Le conseguenze della "pacifica" rottura tra Trump e Musk

di Alessandro Volpi*

La ‘pacifica’ rottura tra Trump e Musk, che ha portato alle dimissioni del creatore di Starlink, costituisce un dato molto rilevante del quadro politico ed economico americano.

Dal punto di vista di Musk, la sua esposizione politica lo mette in condizioni di costante tensione; e’ stato sganciato dai grandi fondi, che sono in aperto contrasto con Trump e che hanno venduto azioni Tesla, mentre i suoi molti affari con l’Amministrazione USA lo espongono alla dura critica per conflitti di interesse su cui le corti americane, sempre più ostili a Trump, possono inchiodarlo. Pesano poi l’ostilità dei ministri di Trump verso il sudafricano e la sempre crescente sfiducia di figure come Peter Thiel, soprattutto in relazione alla grande battaglia per i fondi federali in materia di intelligenza artificiale.

Alla luce di tutto ciò, Musk, che è stato scavalcato da una parte della macchina dei dipartimenti di Stato e ha giudicato troppo accomodante il Big beutiful bill, ha pensato che defilarsi, conservando un rapporto informale, ma stretto con Trump sia la strada migliore per avere meno pressioni e riacquisire una visibilità autonoma, coerente con la sua costruita immagine di genio sregolato persino rispetto al presidente più anomalo degli Stati Uniti. Per Trump la rottura con Musk si inserisce nella strategia dell’imprevidibilita’ , che appare sempre più evidente. I suoi continui mutamenti di posizione, la sua imprendibilita’ sono gli strumenti per non dare punti di riferimento che non siano identificabili con la sua persona.

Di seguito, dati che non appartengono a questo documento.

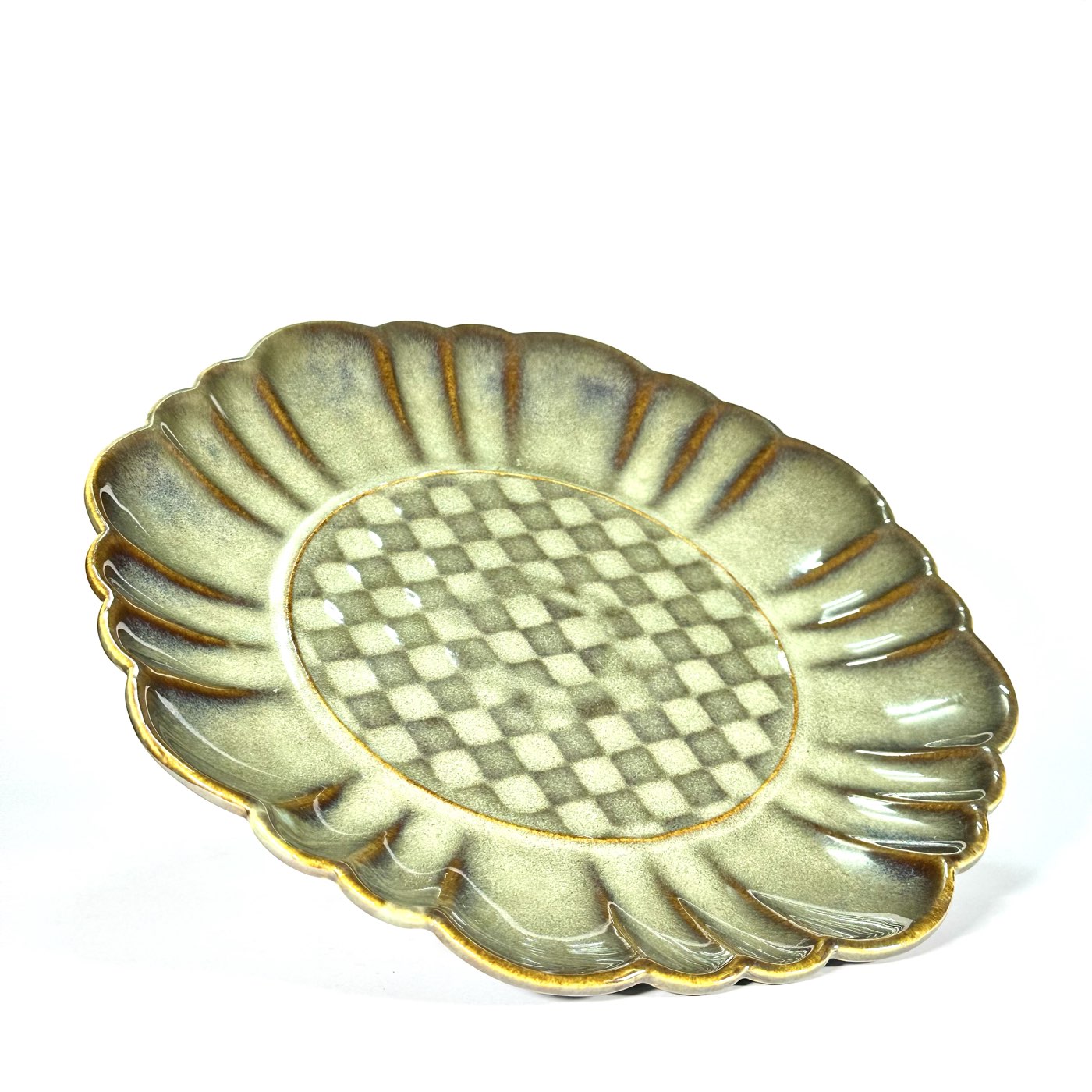Sage Checkered Full Plate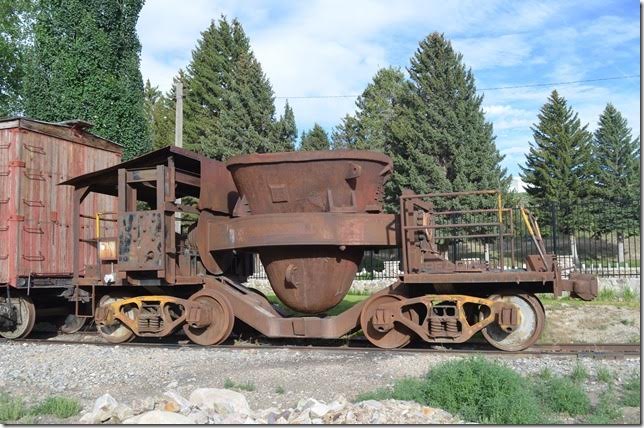This Treadwell slag dump car was used at the McGill smelter. Notice “Treadwell” just above the right truck platform.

Con questa strategia può determinare gli andamenti dei listini a suo piacimento, riuscendo a condizionarli più di qualsiasi altro soggetto pubblico o privato, persino più delle Big Three, e favorendo la traslazione dei risparmi verso la sterminata prateria dei "mercati ombra" e verso la creazione e il finanziamento di molteplici stable coin, utilizzate per coprire il debito pubblico Usa. E' chiaro che una strategia di questo tipo è estremamente pericolosa e Trump cerca di mediarla ricorrendo, di nuovo, a scelte del tutto personali e autoreferenti: dalle trattative con Cina e Russia, tradotte in contatti diretti con i leader, alla scelta dei "favoriti" in termini economici e finanziari, dimostrando proprio con la vicenda di Musk che nessuno è garantito, fino al rapporto con il Congresso. Ma il punto vero è un altro: questo sistema di potere può reggere solo se Trump riesce davvero a personificare direttamente lo "spirito" del popolo americano o quantomeno di una parte di esso, disposta a seguirlo fino alla fine. Trump non aspira ad essere un capo politico e neppure il punto di riferimento degli interessi forti, ma a interpretare il ruolo del grande sacerdote di una sua religione rispetto alla quale la fede conta più di qualsiasi dimensione reale. Chi lo ha scelto, non deve provare a capirlo, ma deve affidarsi alla sua "superiore" capacità divinatoria: una religione che certo attecchisce in un contesto sociale e culturale dove trent'anni di globalizzazione hanno generato una tragica frammentazione e un brutale isolamento dei singoli, pronti ora a credere nel riscatto prodotto da un'appartenenza fideistica.

Il capitalismo finanziario ha prodotto il capitalismo religioso, sempre, ed esclusivamente, in nome del denaro.